In traditional Judaism, Hanukkah was a minor festival. It’s mentioned briefly and rather cryptically in the Talmud, Judaism’s canon of religious law and commentary. After a band of Jewish rebels called the Maccabees expelled Greek occupiers from their temple, the rebels kept it lit for eight days with a single day’s worth of oil. Hence the eight candles, the eight nights of celebration, and yes, the eight presents.
And here in America, as historian Dianne Ashton has shown, present-giving was an effort by Jewish families to compete with a much bigger national holiday: Christmas. “We must do something to enliven the children,” Cincinnati rabbi Max Lilienthal wrote in 1876. “They shall have a grand and glorious Chanukah festival nicer than any Christmas festival.”
So Jews staged dramatic Hanukkah pageants, replete with Maccabees in battle armor, to rival Christian plays of Baby Jesus in the manger. And they started to give presents, of course, so their kids didn’t feel deprived when December rolled around.
Indeed, “presents” was one of the first English words to appear in America’s Yiddish-language press. European Jews had given coins or “gelt” to children at Hanukkah, but the kids were supposed to present them in turn to their teachers. In America, a land of almost unimaginable abundance, parents could shower the children with toys, clothes, and sporting goods.

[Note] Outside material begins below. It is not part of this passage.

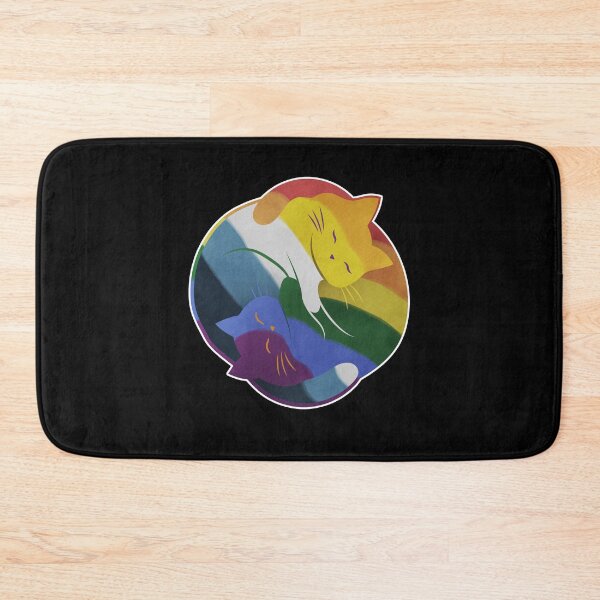 Item preview, Aroace Rainbow Cat Yin Yang LGBT Pride Flag designed and sold by Clara Hollins.
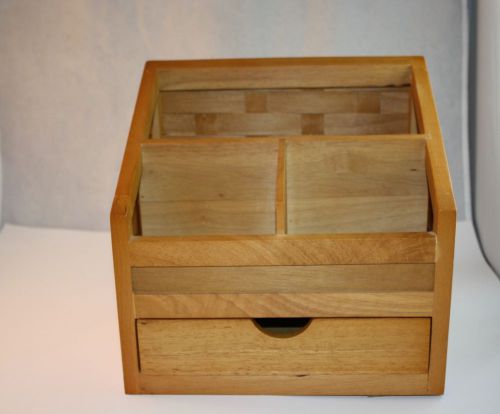 Desk Top Organizer By Woven Wood Mail Center With Drawer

And that could be a bad thing, critics worried, if it blinded Jews to the religious meaning of Hanukkah. “We do not want death from pleasure!” one Yiddish paper warned, even as its pages groaned with department store advertisements for holiday gifts. Just as the Maccabees rededicated the temple after liberating it (Hanukkah derives from the Hebrew verb “to dedicate”), so were Jews urged to to remember their forefathers’ faith and heroism.
But here, too, the Hanukkah appeal received a distinctly American gloss. Jews frequently linked the Maccabees’ revolt to the American Revolution, which had also repelled a foreign occupier. In Cincinnati, Rabbi Lilienthal even suggested that the Maccabees began their own rebellion with the battle cry “Give me liberty or give me death,” the same challenge uttered by Patrick Henry.
Other Hanukkah celebrants said the Maccabees’ story prefigured modern Zionism, the movement to establish a Jewish nation in Palestine. Still others saw it as a forerunner of socialism, which would “purify the entire human spirit of greed, bloodlust, and power” just as the Maccabees purified their house of worship.
During World War II, Hanukkah became a parable for the fight against Nazi anti-Semitism and genocide. And after the war, as more details of the Holocaust emerged, the holiday reminded American Jews that they could maintain their identity even in the face of “numerous attempts to annihilate us,” as one Minnesota rabbi wrote. Like the Hanukkah story itself, he added, Jewish survival was “nothing short of a miracle.”
In the 1950s and 1960s, some Jews fretted that postwar affluence would bury their identity in a bland haze of shopping malls and suburban tract houses. So they urged co-religionists to preserve Hanukkah rituals and to resist Christmas ones—especially the acquisition of a holiday tree. “Let the light from the menorah strengthen our Jewish pride,” a women’s group pleaded, warning families against bringing Christmas trees into their homes.
But some Jews set up trees nevertheless, giving them a distinctive name: Hanukkah bushes. And as Jewish intermarriage soared in the 1980s and 1990s, more and more families fused holiday elements from different faiths. A popular sale item this season is the “menorah tree,” featuring pine garlands wrapped around candle holders. Another is the “mensch on a bench,” a Jewish doll that echoes—but also satirizes—the “elf on the shelf” in Christian homes.
And in my own home, we have both a menorah and a tree. We light the candles on all eight nights of Hanukkah, but we mostly reserve presents for Christmas Day. We’re one of those jumbled, multi-faith American families, and we’re mixing and matching as we go along.